First, do you homework. If you are going to a show to look for particular coins to buy, make sure that you have written up a buy list as well as have a good understanding of the value of that coin in various grades. This is to assure that you don’t overpay for a coin, especially if it is one that you desperately want to add to your own collection. If you haven’t looked at the buying list article I posted last month, refer to it to get a template for a coin buying list.
Second, if you are buying a graded coin from PCGS or NGC at the show, don’t hesitate to use the PCGS Cert or NGC app on your Android or iPhone. Counterfeiting is an issue and while it is highly unlikely you would run into one at a show, it is possible. You won’t offend the seller by scanning the coin’s barcode and verifying it, especially if it is a premium coin.

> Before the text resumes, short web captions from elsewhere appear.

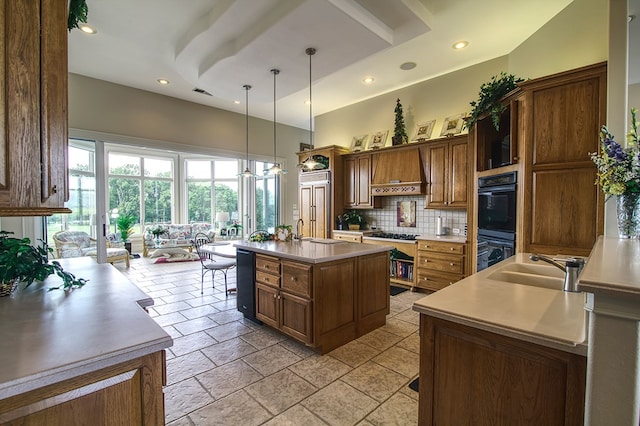 kitchen with dobule oven black, an island with sink, decorative light fixtures, light countertops, and a sink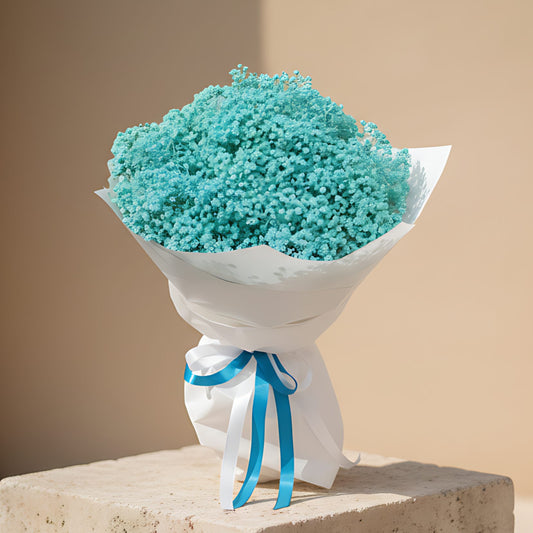 Hand-tied bouquet of blue gypsophila wrapped in elegant white paper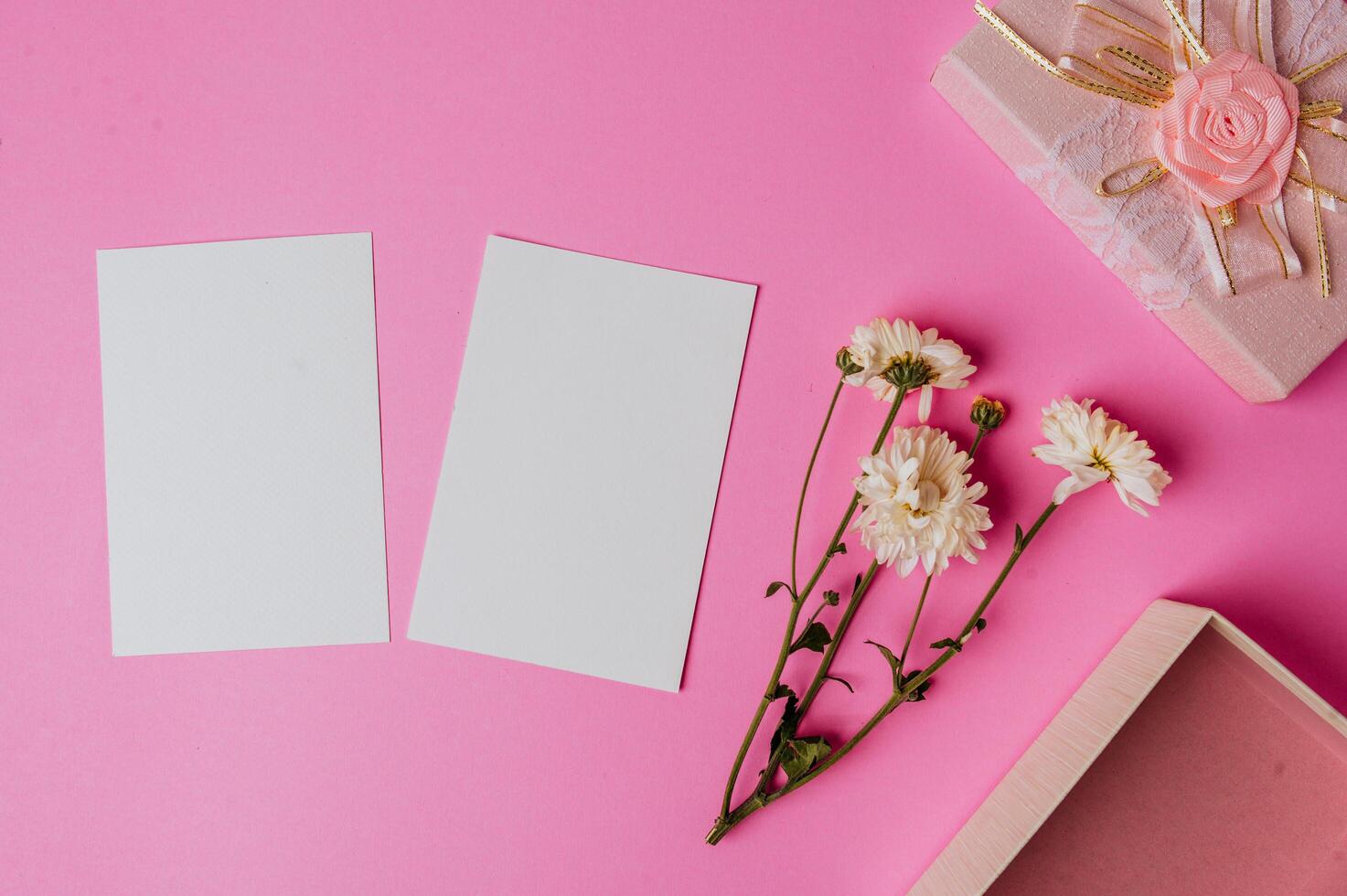 Caja de regalo rosa, flor y tarjeta en blanco sobre fondo rosa foto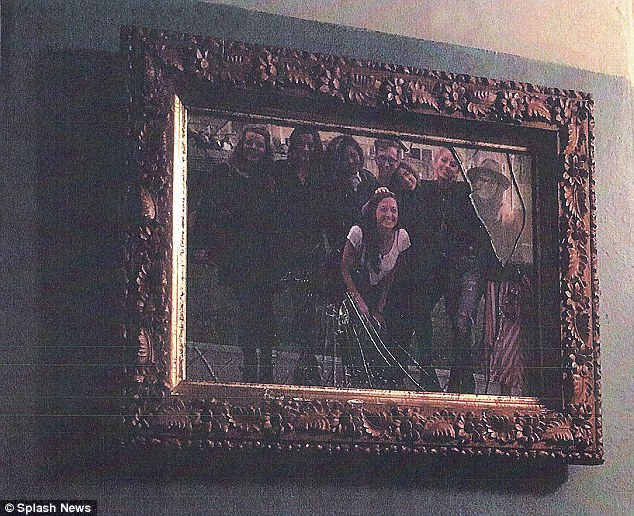 Photographs of a smashed photo frame (pictured), broken glass, a discarded wine bottle and what appeared to be wine stains were included as exhibits in the restraining order Heard filed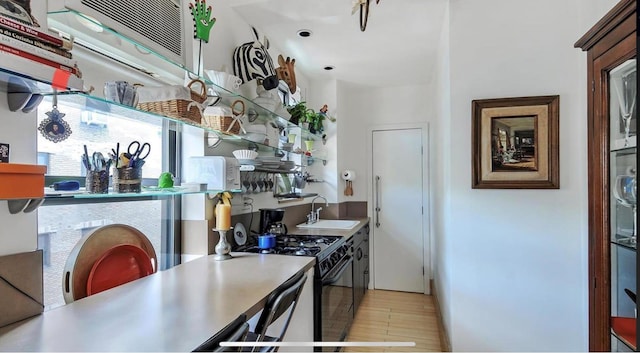 269 W 72nd St Unit 16D, New York City, NY 10023 - kitchen with gas stove, a sink, light wood-type flooring, and baseboards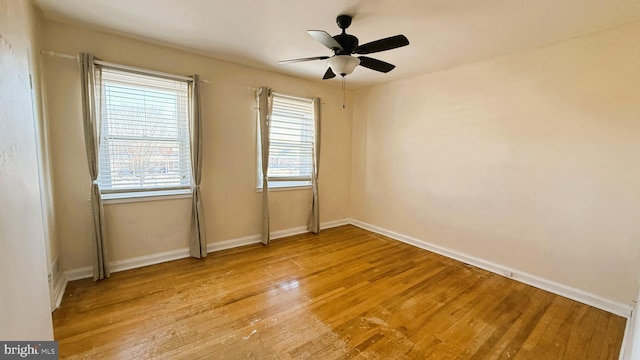 unfurnished room with ceiling fan and light wood-type flooring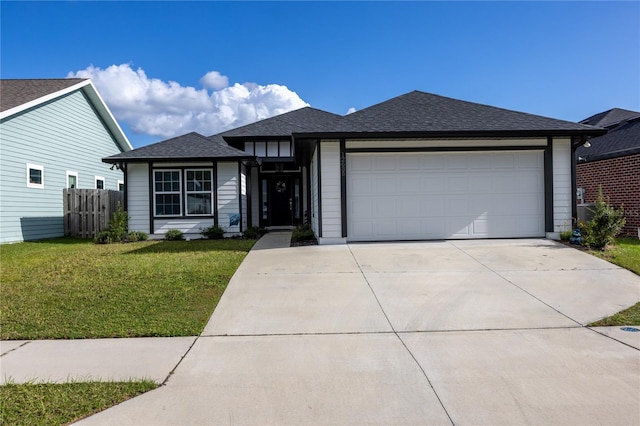 view of front of property with a front yard and a garage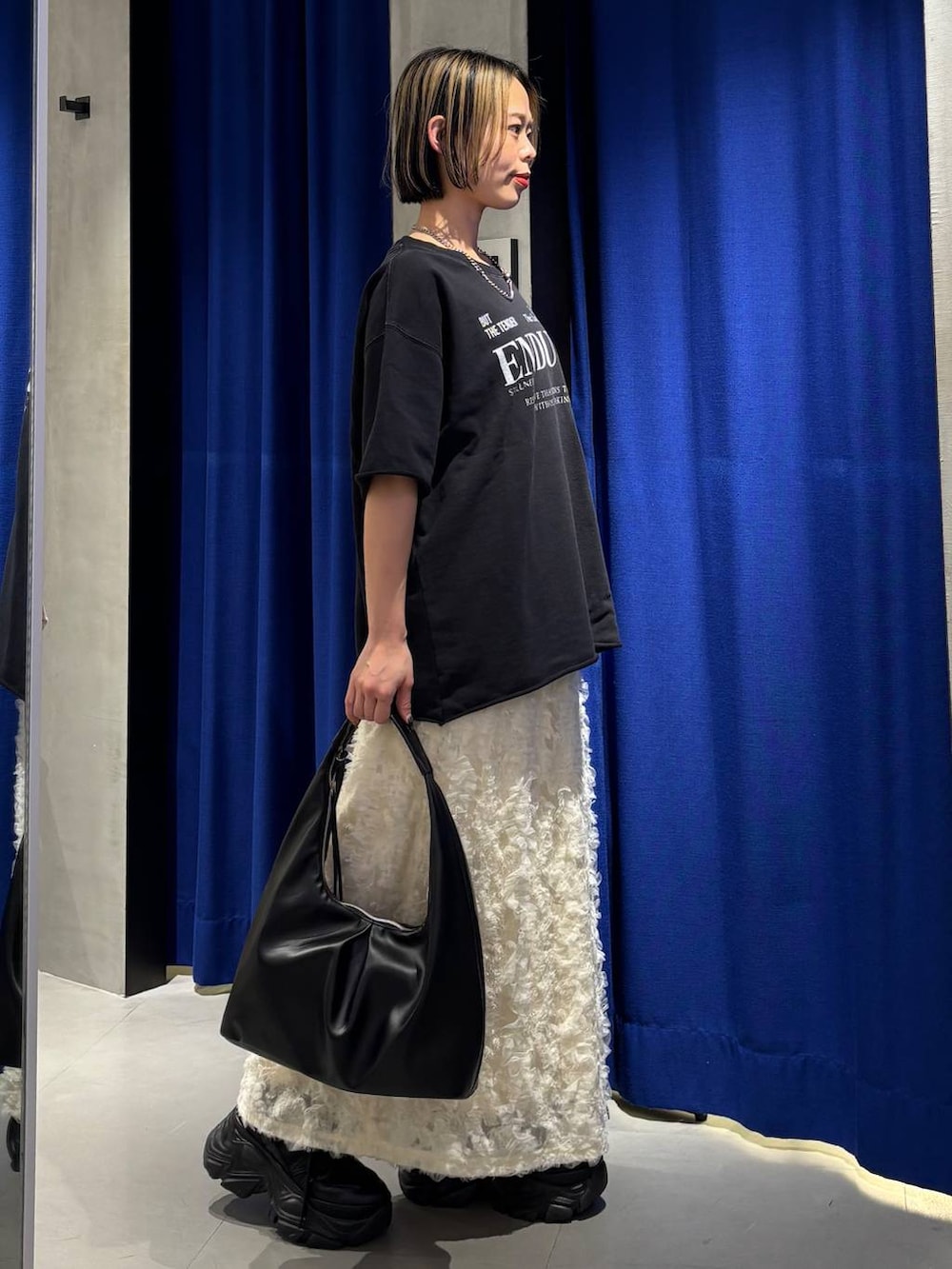 ブラック系のスニーカー、ブラック系のトートバッグ、ブラック系のTシャツ/カットソーを着用したレディースの春コーディネートの4枚目の写真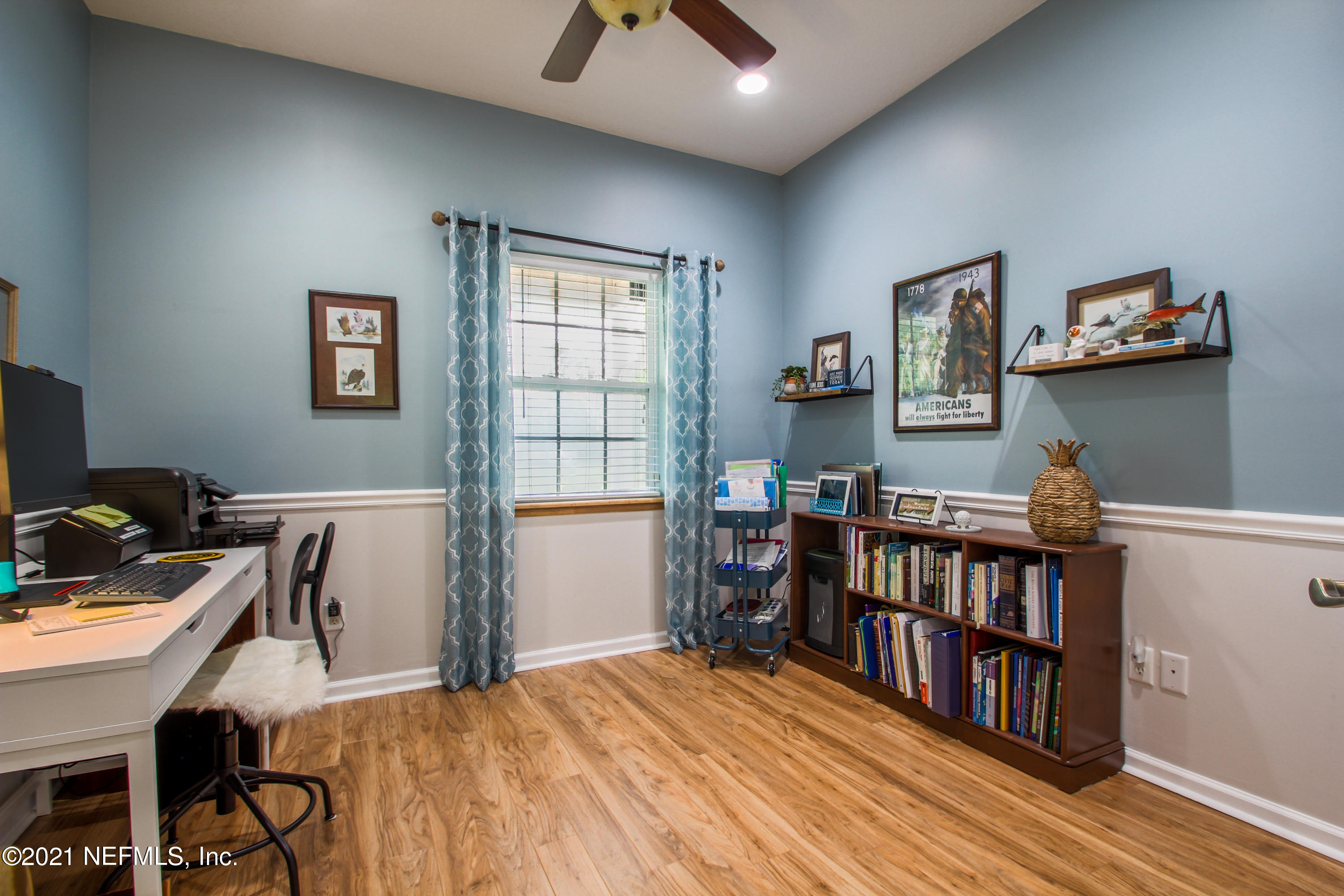 1386 Long Bay Road Middleburg, FL 32068 - Photo 30 of 40 a view of a workspace with furniture and a book shelf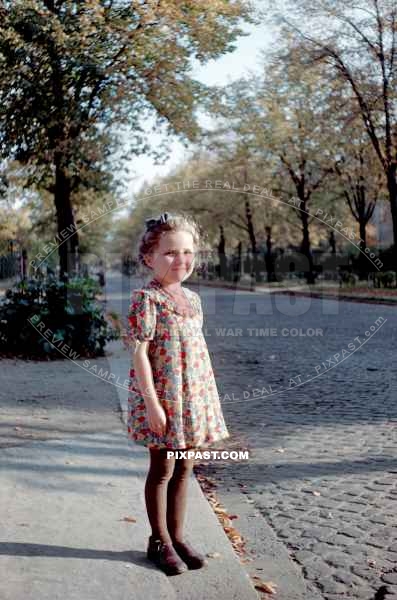 Young girl in colorful dress photographed by an American Army Doctor. Berlin Germany 1946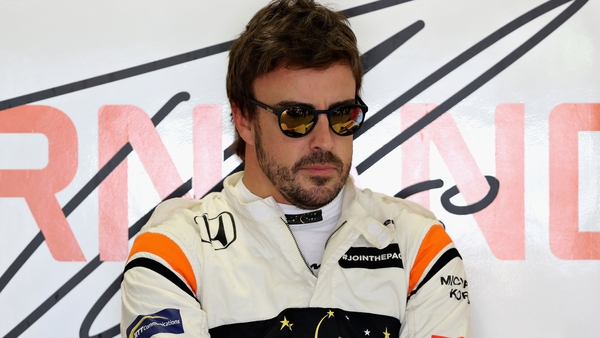 Fernando Alonso has signed a new McLaren deal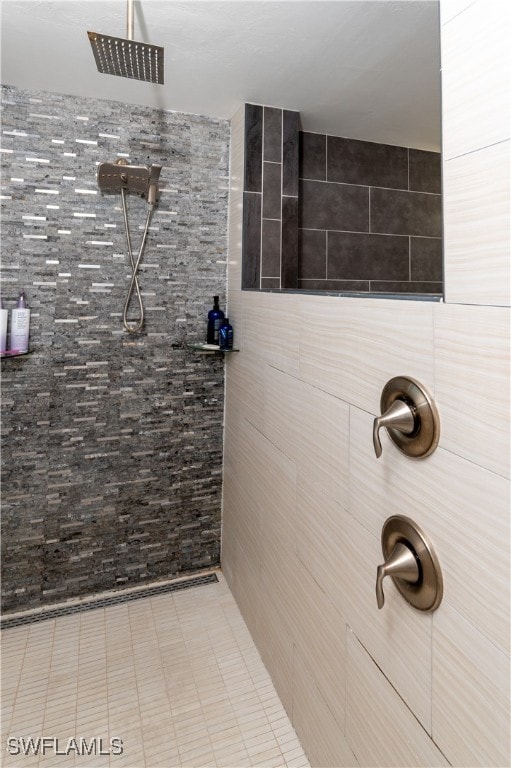 bathroom featuring a shower and tile walls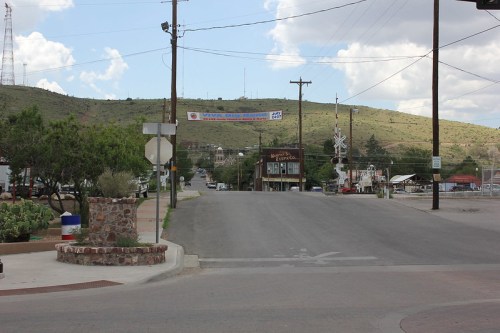 A quiet street scene with a view of a small town, mountains in the background, and a banner overhead.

Related to this is carry a loupe with you. Coin dealers are not going to be offended by you pulling out a magnifier to look at the overall quality of a coin you are considering buying. Indeed, they expect you to do just that. I personally always carry my Aiernuo 20x loupe with me at shows. They are inexpensive (about $8) and are small enough to fit into your pocket.
Third, yes, you can haggle – respectfully. Remember, these coin dealers have paid a fair sum of money to be at the show and, in the vast majority of cases, these shows and their stores (online or physical) is how they make their living. So be kind and considerate when you are negotiating a price for a coin. Keep in mind to that if you are only buying 1 or 2 coins from a dealer, they may not be willing to move much on the price. If you are buying a more expensive item or a several coins, they will be more open to it. So for example, if you are buying a complete 1960s set of Proof Lincoln Cents and the dealer is selling it for $22, respectfully ask if you can pay $20. If they say no, don’t get upset. Remember, this is their livelihood.
Fourth, and somewhat related to my third point, is shop around. You have dozens of dealers at a show and several of them may have that complete set of 1960s Proof Lincoln Cents. Ask, shop around, and keep track of the dealers you spoken to about that set.
Fifth, talk to the dealers. Get to know them. Yes they are there to sell coins but they are also there to meet fellow collectors just like you. So spend some time (again, respectfully) getting to know them and ask about their coins, their own collections, their stores, etc. Buying a coin should be a personal experience, not solely based on the price in my opinion.
Hopefully these tips will help Steve and I hope that your first coin show experience is great! By-the-way, if you are referring to the Denver Coin Expo in September, I’ll be there too!